- **Problem details**:
Keep the pictures out, and restate the listing that follows exactly as written.

- **Data below**:

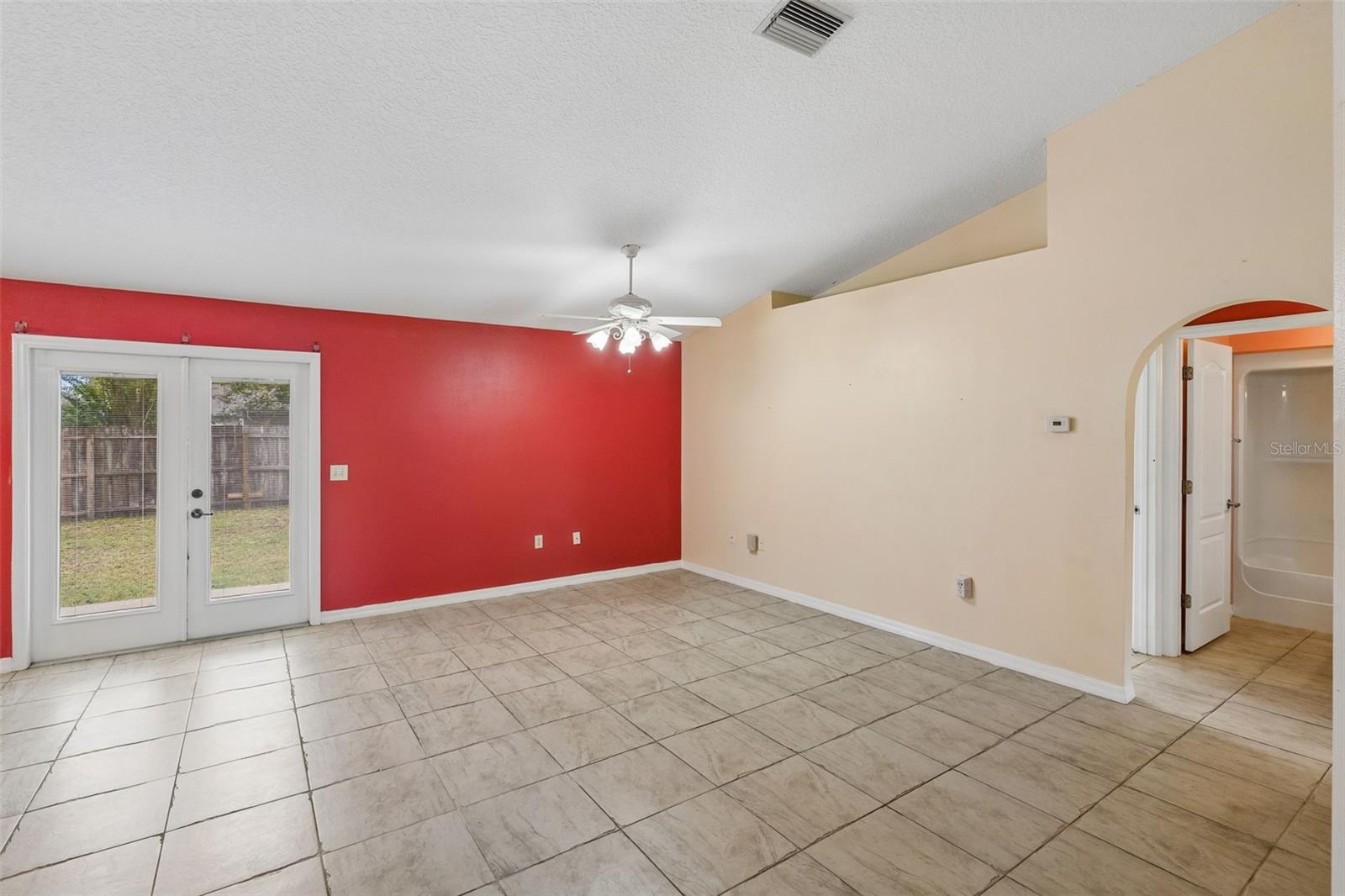 10752 Anna Belle Ave Property Photo 5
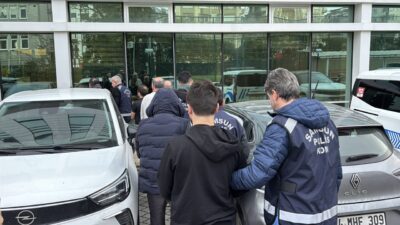 Samsun'da düzenlenen FETÖ operasyonunda gözaltına alınan 5 şüpheli adliyeye götürüldü.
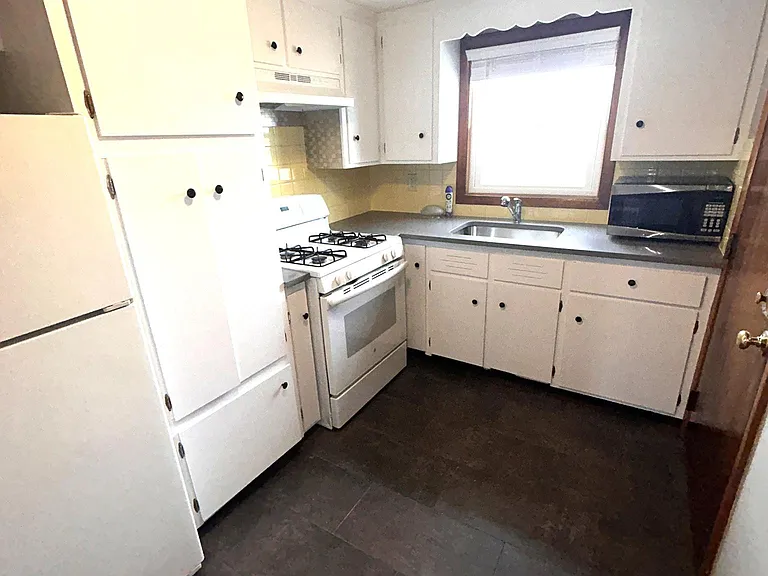 28 Curlew Rd #D — Photo 2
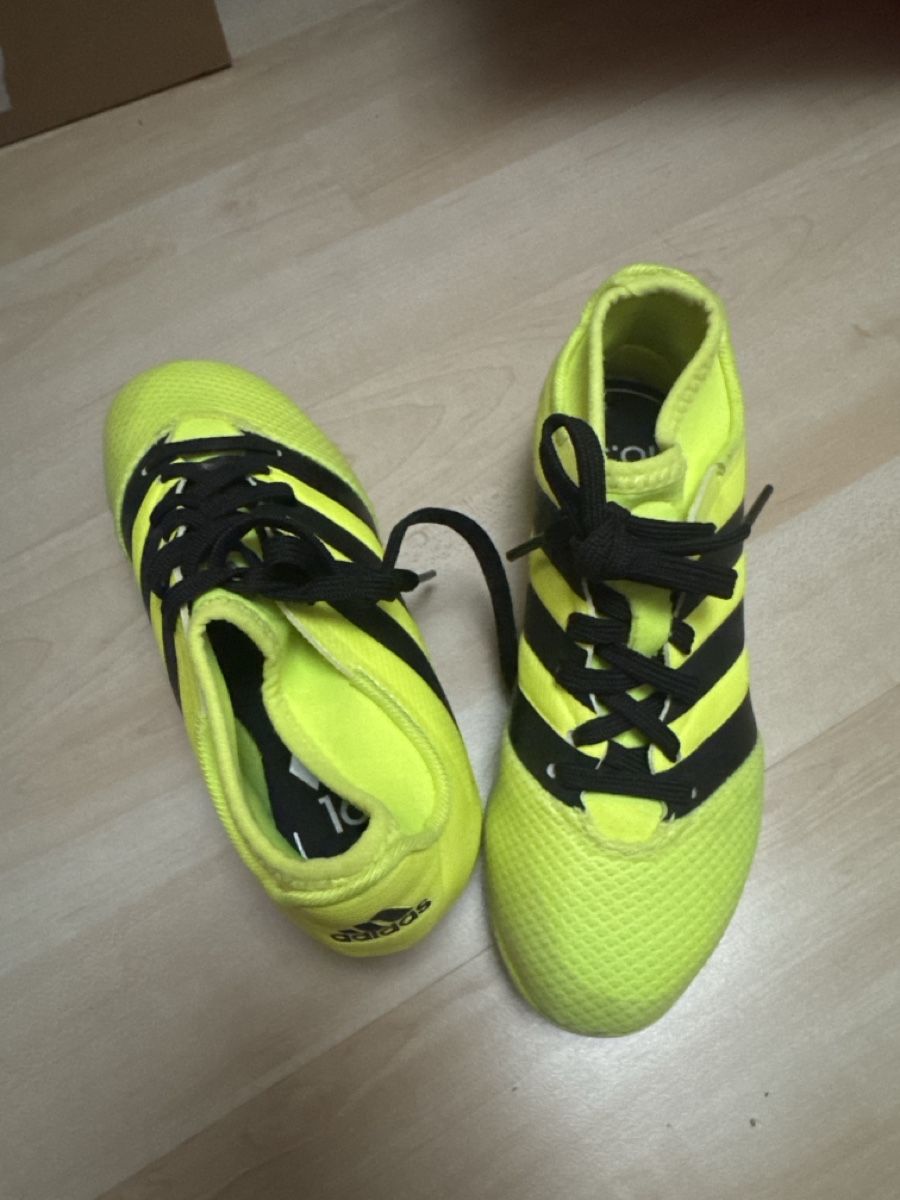 Adidas Scarpe da uomo: Kickschuhe Adidas Grösse 31 – Usato da Arnegg venduto da bulubulu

- **Solution**:
 10752 Anna Belle Ave Property Photo 5
 Samsun'da düzenlenen FETÖ operasyonunda gözaltına alınan 5 şüpheli adliyeye götürüldü.
 28 Curlew Rd #D — Photo 2
 Adidas Scarpe da uomo: Kickschuhe Adidas Grösse 31 – Usato da Arnegg venduto da bulubulu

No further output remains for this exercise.